By Thomas Matthewson
2025 is turning out to be a make-or-break year in South Africa’s quest to transition away from fossil fuel production and consumption while also addressing the social consequences of that shift. The Just Energy Transition Plan (JETP) is a central initiative in country’s decarbonisation efforts. Four years into the JETP that was announced at COP 26 in 2021, with a funding commitment of US $8.5 billion, the country is staring at a major funding challenge to the plan.
In March 2025, US President Trump signed an Executive Order revoking and rescinding the US International Climate Finance Plan, including support for JETP policies. The US terminated its membership of the IPG, and as a result, South Africa lost its US-based financial pledges and projects that were already in planning or implementation phase were cancelled.
President Trump and President Ramaphosa discussed the JETP at their White House meeting in May, when the South African president noted the financial gap left by the US’s withdrawal of assistance but said the country remained committed to reducing its coal dependency and transitioning to renewable energy. The US’s contribution to the JETP was US$56 million in grant funds and around US$1billion in commercial debt/equity from the US International Development Finance Corporation.
Trump repeated his intention to focus on the expansion of fossil fuel and energy independence for the US, and said there would be no reversal of the US decision to rescind support for JETP policies. South Africa, however, has said it would strengthen its other partnerships with the European Union, the UK, BRICS countries and global financial institutions.
South Africa’s partners in the JETP now include only France, Germany, the United Kingdom, the European Union, which together form the International Partners Group (IPG). In March 2025, the IPG, as well as Denmark and the Netherlands, issued a joint statement noting that the group remained fully committed to supporting South Africa to deliver its just energy transition plan. The statement revealed that around US$2.5 billion of the IPG pledges had already been spent and that some partners were exploring possibilities for supporting the work previously being carried out by the US.
This reaffirmed commitment by the numerous European countries (and the EU) is commendable. However, arguably, even those countries may not be politically willing to provide funding in the longer-term future.
If far right-wing parties in these countries achieve electoral success in the coming years, it is highly likely that they would seek to withdraw funding support from initiatives such as South Africa’s JETP. In the United Kingdom, the far-right Reform party doesn’t even support funding renewable energy in the United Kingdom itself, so why would it support another country’s energy transition efforts?

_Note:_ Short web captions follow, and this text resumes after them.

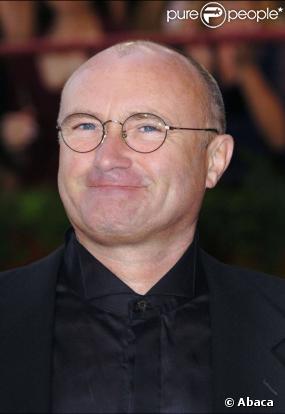 Phil Collins en février 2004 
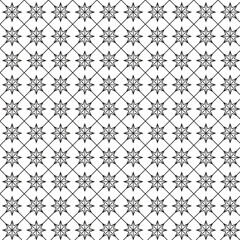 abstract seamless pattern. floral design decorative lattice. seamless vector pattern. Geometric ornaments based on traditional floral art. 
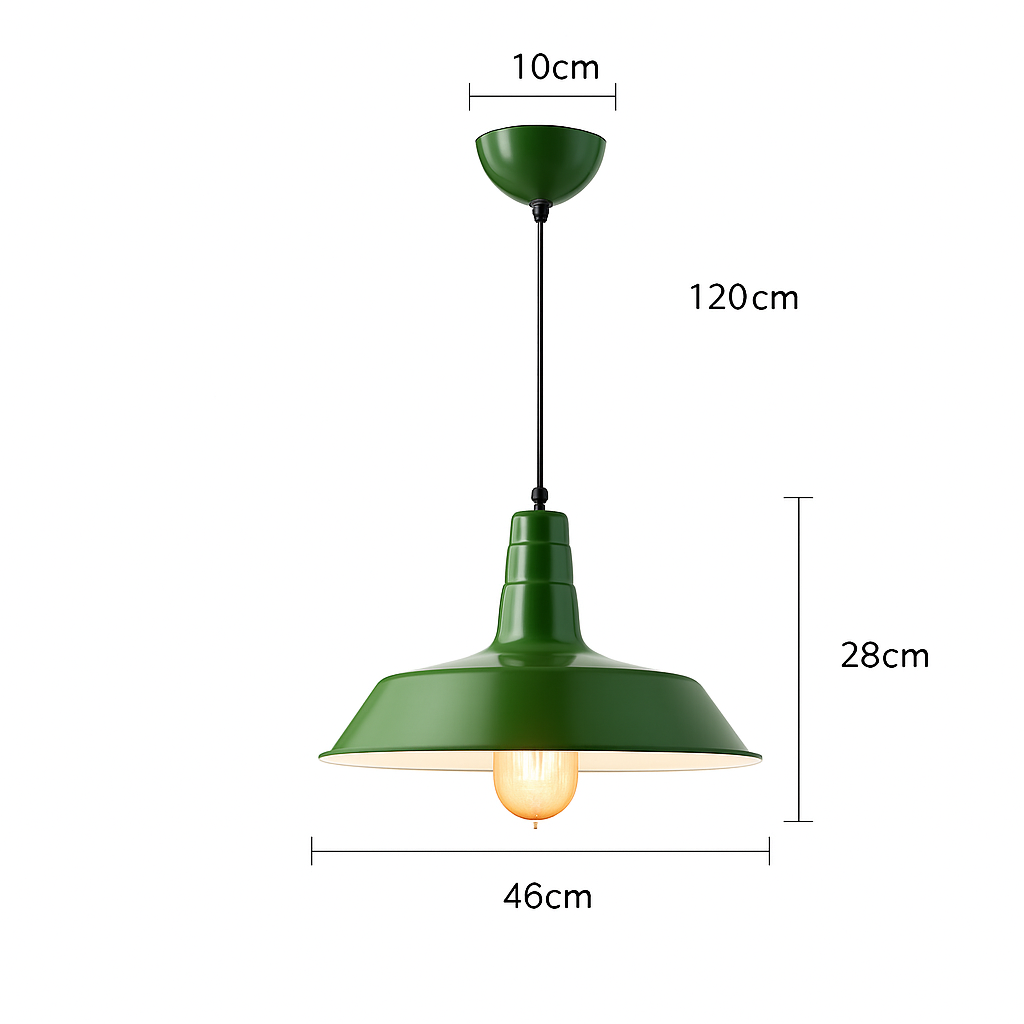 suspension style industriel rétro nordique pour bar loft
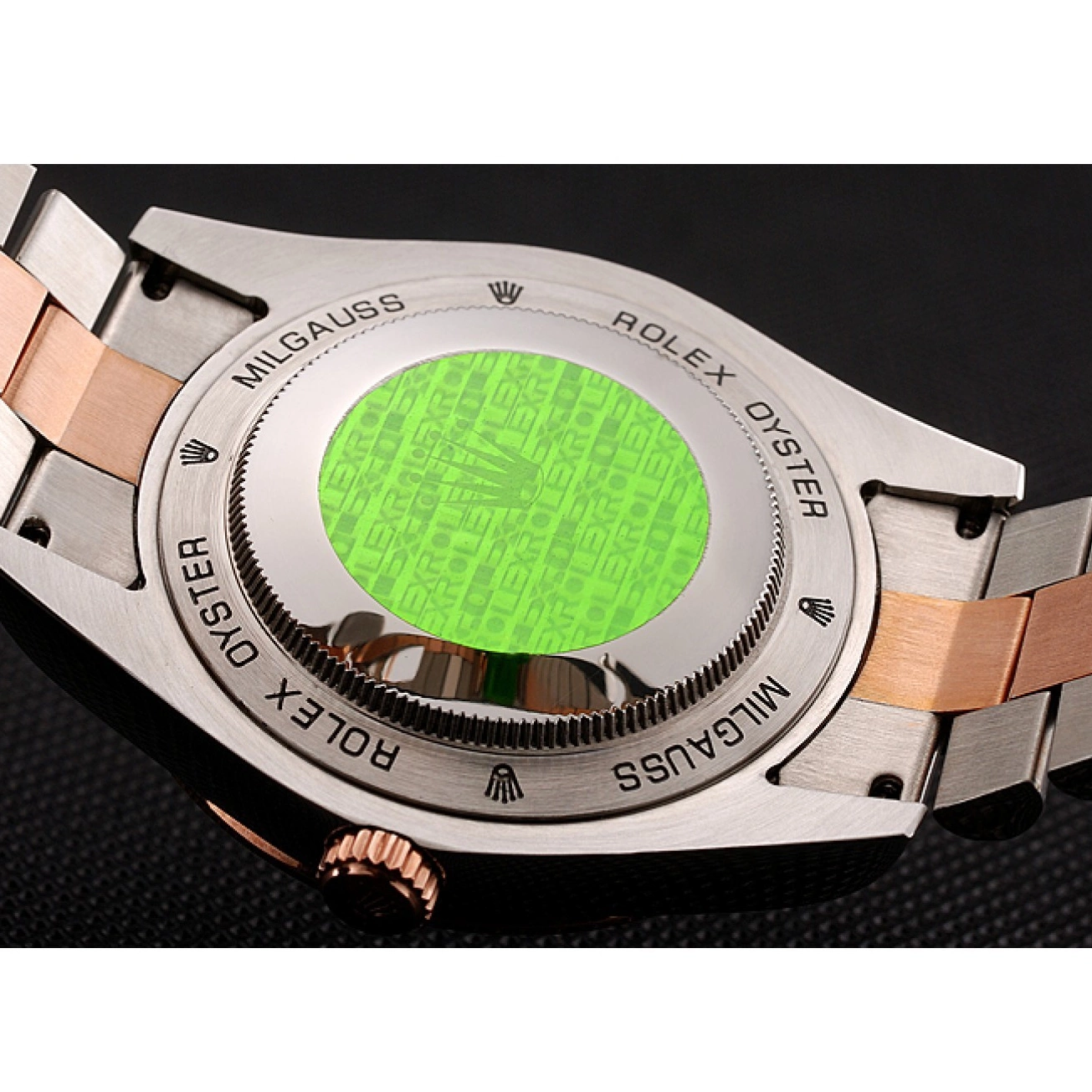 Good copy rolex watches Black Bracelet Swiss And And Diamonds Day-Date Rose Rubies Steel Gold Rolex 1454106 Staineless Dial 0803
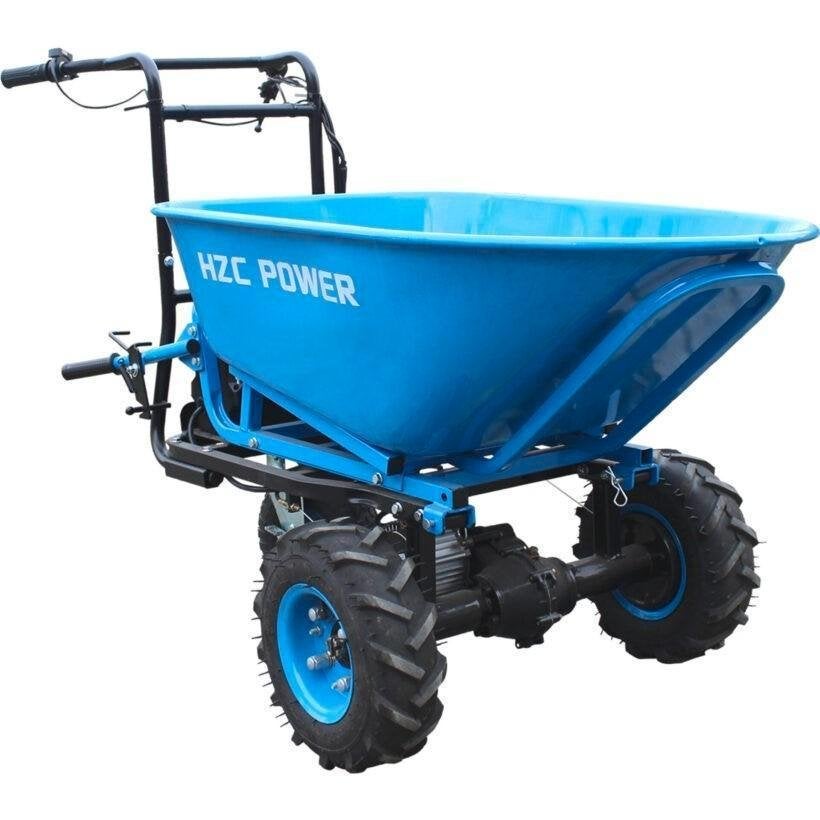 Elektrische Accu kruiwagen tot 230 kg laadvermogen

Reform partnering with the Conservatives to form a coalition government in the next General Election is a real possibility, and the United Kingdom’s support for the JETP would be questioned. Similar observations can be made about the far-right parties’ potential electoral successes in France and Germany.
It is therefore crucial that South Africa does not fully rely on external financial support to continue the plan, but to drive it based on domestic policy instruments.
It has made some headway with its renewable energy plans. An International Energy Agency report titled Renewables 2024, noted that South Africa’s renewable energy capacity increased by 33% in 2024, with the highest additions of renewable energy installations in sub-Saharan Africa, amounting to 40% of the region’s new capacity.
South Africa has also introduced several laws to encourage private sector investment in renewable energy. The Electricity Regulation Amendment Act (2024) aims to transform its energy market by establishing a Transmission System Operator that will oversee non-discriminatory access to the electricity grid. Amendments in 2023 to the Electricity Regulation Act (2006) have allowed businesses and households to invest in alternative energy solutions, like solar and battery storage. The Renewable Energy Independent Power Producer Procurement Programme (REIPPPP), launched in 2011, has already attracted significant private investments and accelerated development of solar and wind projects.
With the country’s recent loss of significant funding, strengthening its existing partnerships and forming new ones will be paramount to the ultimate success of the JETP. The JETP has made good progress; electricity supply has improved (rolling blackouts still happen, but they have decreased), renewable energy capacity has grown substantially and supporting laws have been implemented to open up the sector and incentivise private sector investments. If it can survive 2025, South Africa may be heading towards a brighter, and more just energy future.